The alert "PROBLEM: Icinga on alert2001.wikimedia.org is CRITICAL" is known to have fired a couple of times a month in the past. I believe this is meta monitoring of icinga being up on both primary WMF sites from a third location (wikitech 3rd party provider). Because cross-site monitoring is more susceptible to network issues and the low occurrence of those I never gave them a lot of thought.
However, yesterday the alert went off 8 times in the space of 24 hours. I am creating this ticket for awareness, for 2 reasons:
- Evaluate if the alerts are legitimate (did we lose redundancy of our current main alerting system, or is this a consequence of a failing realiability of wikitech server/3rd party service provider or network link).
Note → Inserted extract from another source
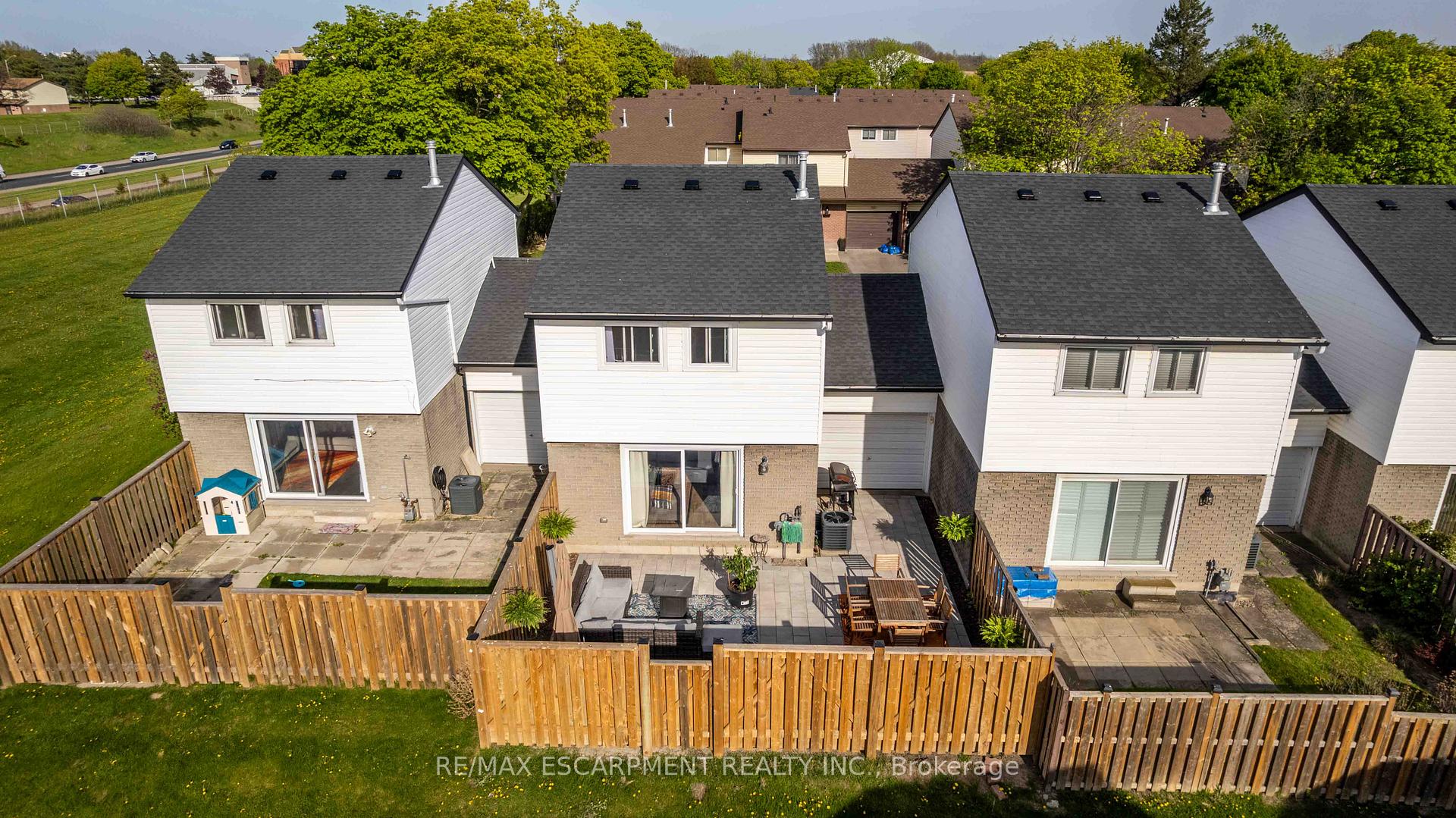 Photo 37 of Unit 11, 1190 Upper Ottawa Street, Hamilton, Quinndale — HOMEH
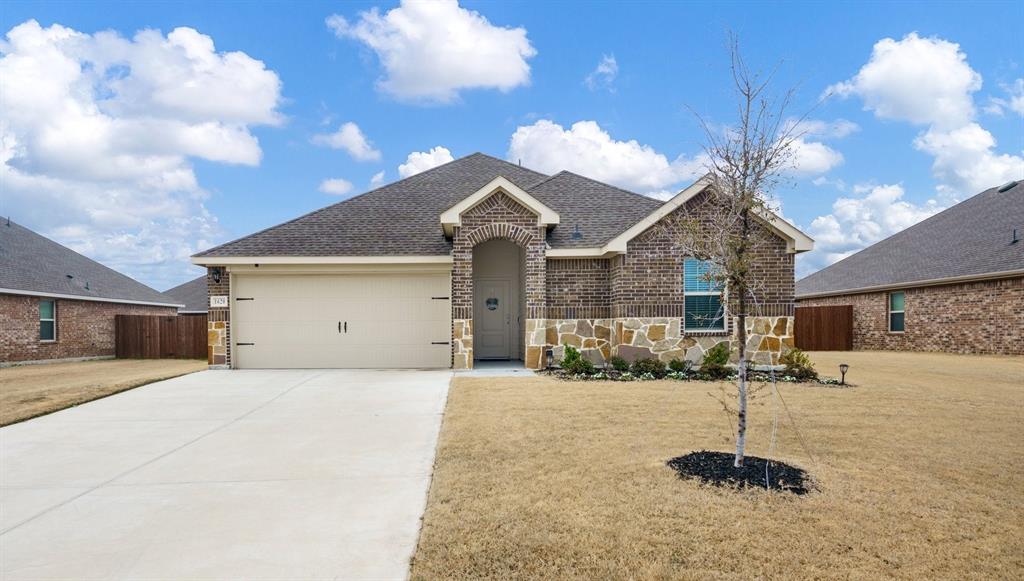 1620 Knoll Crest Drive Property Photo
If there is an ongoing cause, notify the right team (dc ops, netops, observability, cloud, etc.) to try to increase the reliability of the service.
- If the upstream issue cannot be resolved (e.g. it is outside of our control), consider increasing the amount of probes failed before sending a notification (e.g. increasing the amount of failed soft states, coordinating with a 4rth location before alerting, etc.)
This is, I think a low priority issue, as it is not currently causing any problem other than alert spam, but tracking it on a task as spam fatigue in the long term can cause people to ignore them. Feel free to close if this is a known issue and e.g. will be handled in a different way.